Anne presents the church with a common dilemma. She appears only in the apocryphal Gospel of James, the brother or half brother of Jesus, and the church has never accepted either the gospel or its purported author. Both, however, were extremely popular in the middle ages and James’ account of Anne, with its echoes of Abraham’s wife Sarah, was not only widely believed but became the seed for many folk extensions including the popular belief that, like her daughter, she was a virgin when she gave birth. The church does not want to embrace such folkish aspects of Anne. If she was a virgin mother, after all, she diminishes the miraculous nature of Jesus’ birth. But the institution is compelled to control a phenomenon that inspires such intense faith. What makes saints appeal to the personal religious beliefs of people—what inspires the pilgrim economy—are the mysteries and miracles described in the hagiographies. A moment’s reflection will lay bare the improbability of finding never mind identifying Anne’s bones or such other relics as blood from the side of Christ, milk from Mary’s breasts or the true cross. Similarly, Saint Brendan and his fellow mariners did not have Easter breakfast on the back of a whale in the middle of the Atlantic Ocean. Saint Bridget did not stop wars by making armies invisible to each other. Saint Nicholas may have been an exceedingly generous man but he did not raise three butchered children from the dead. Saint George never slew a dragon. More recently, Padre St. Pio (1887-1968) did not levitate while saying mass. But people need these saints as intermediaries with the divine and, as such, they are in direct competition with the institutional church. Their miracles are, ironically, the tokens of their credibility.

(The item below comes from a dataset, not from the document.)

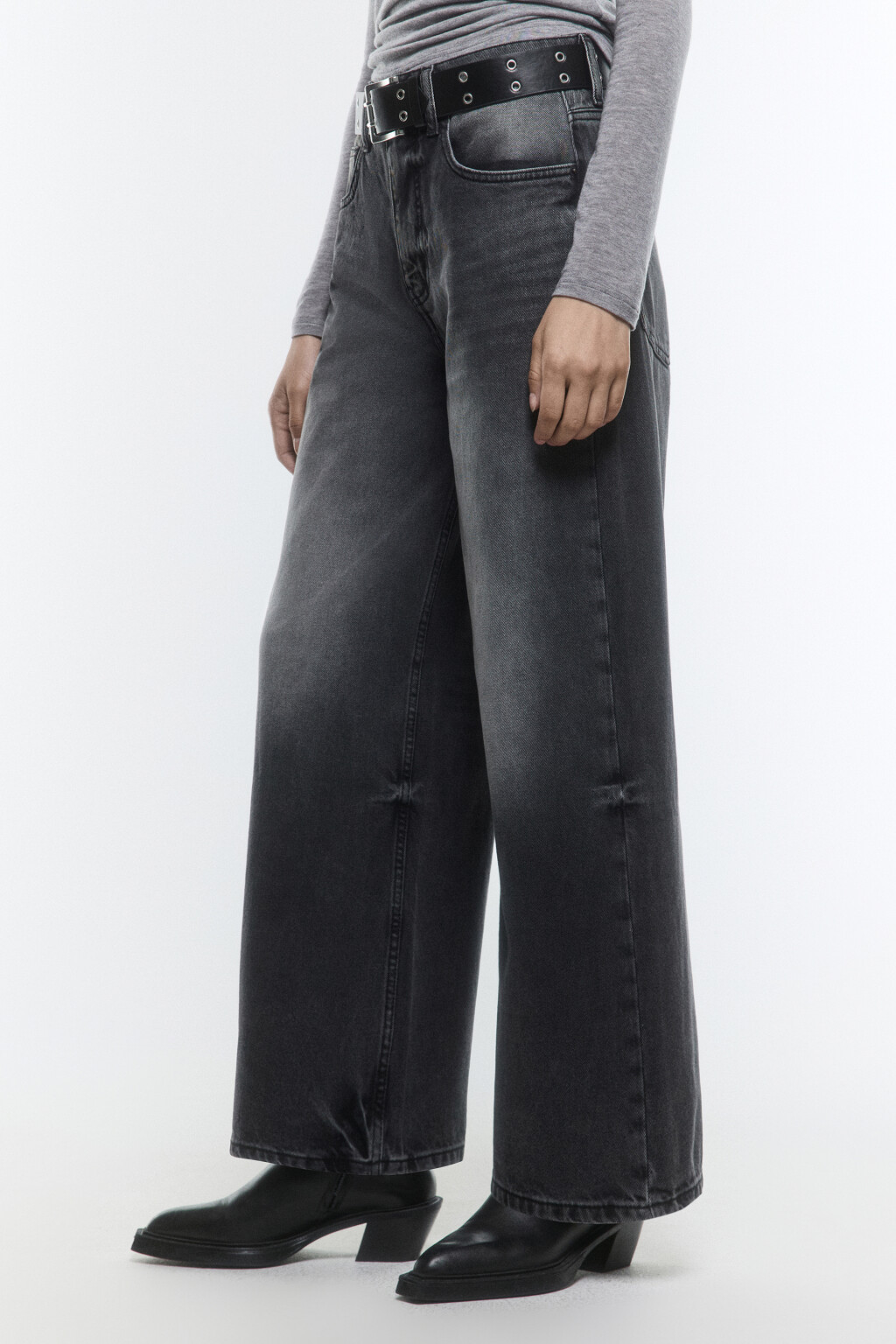 Джинсы baggy fit со средней посадкой и ремнем - цвет серый - 3
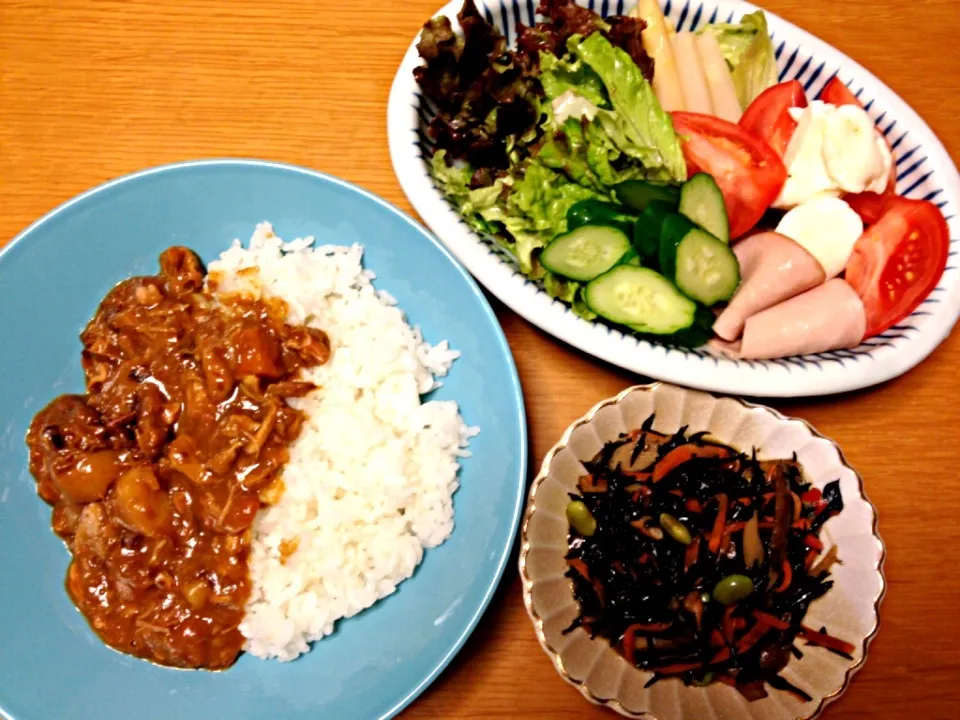 カレーライス、野菜サラダ、ひじき煮|マグワイアさん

The church counters with its own official miracles which are more spectacular. For example, it teaches that the bread and wine of the eucharist are transformed by the incantations of the priest into the literal body and blood of Jesus Christ. Pope Paul VI wrote, “To avoid any misunderstanding of this type of presence, which goes beyond the laws of nature and constitutes the greatest miracle of its kind, we have to listen with docility to the voice of the teaching and praying Church. Her voice, which constantly echoes the voice of Christ, assures us that the way in which Christ becomes present in this Sacrament is through the conversion of the whole substance of the bread into His body and of the whole substance of the wine into His blood, a unique and truly wonderful conversion that the Catholic Church fittingly and properly calls transubstantiation.” Beyond the laws of nature. Greatest miracle of its kind. Listen with docility. This is a pure orthodox position, a view shared by virtually no Protestants. How many people think they are eating living flesh or drinking blood? The eucharist is a metaphor of incorporation, of the union of God and his creation and their mutual love. It is beautiful unto itself. But like all metaphors, it limps. Like all metaphors, it is prey to reductio ad absurdum. Why preach such absurdity? The answer seems obvious: the priestly caste wants to be seen as miracle workers who alone enjoy the awesome, nature-contradicting power of the Almighty.

Religion is one of the ways people have devised to help them in their quest for truth, beauty and harmony. It is important specifically because it helps them cope with the great but ineffable questions of life, the existential paradoxes, the singularity and ephemerality of experience—what Milan Kundera called The Unbearable Lightness of Being. Religious truth is different in kind from experimental truth and cannot be measured by the same standards. Spirituality is nothing like Fermat’s Last Theorem or Newton’s Laws of Motion. It is not “true” or “false” or provable in any sense remotely like the theory of evolution or the theory of relativity. The Pythagorean Theorem can demand acceptance as something more than a definition. The “theory of everything” can recommend itself to us on the basis of probability. The divinity of Jesus can do neither. It can only ask for belief or faith. The idea of God may be compelling but the idea of the Trinity is purely mythological. One may enjoy the myth. One may learn from it. In itself, it is harmless but the attempt to seize upon it, to monopolize it and impose it and other dogmas upon others as a condition of salvation is as sociopathic as any other form of tyranny.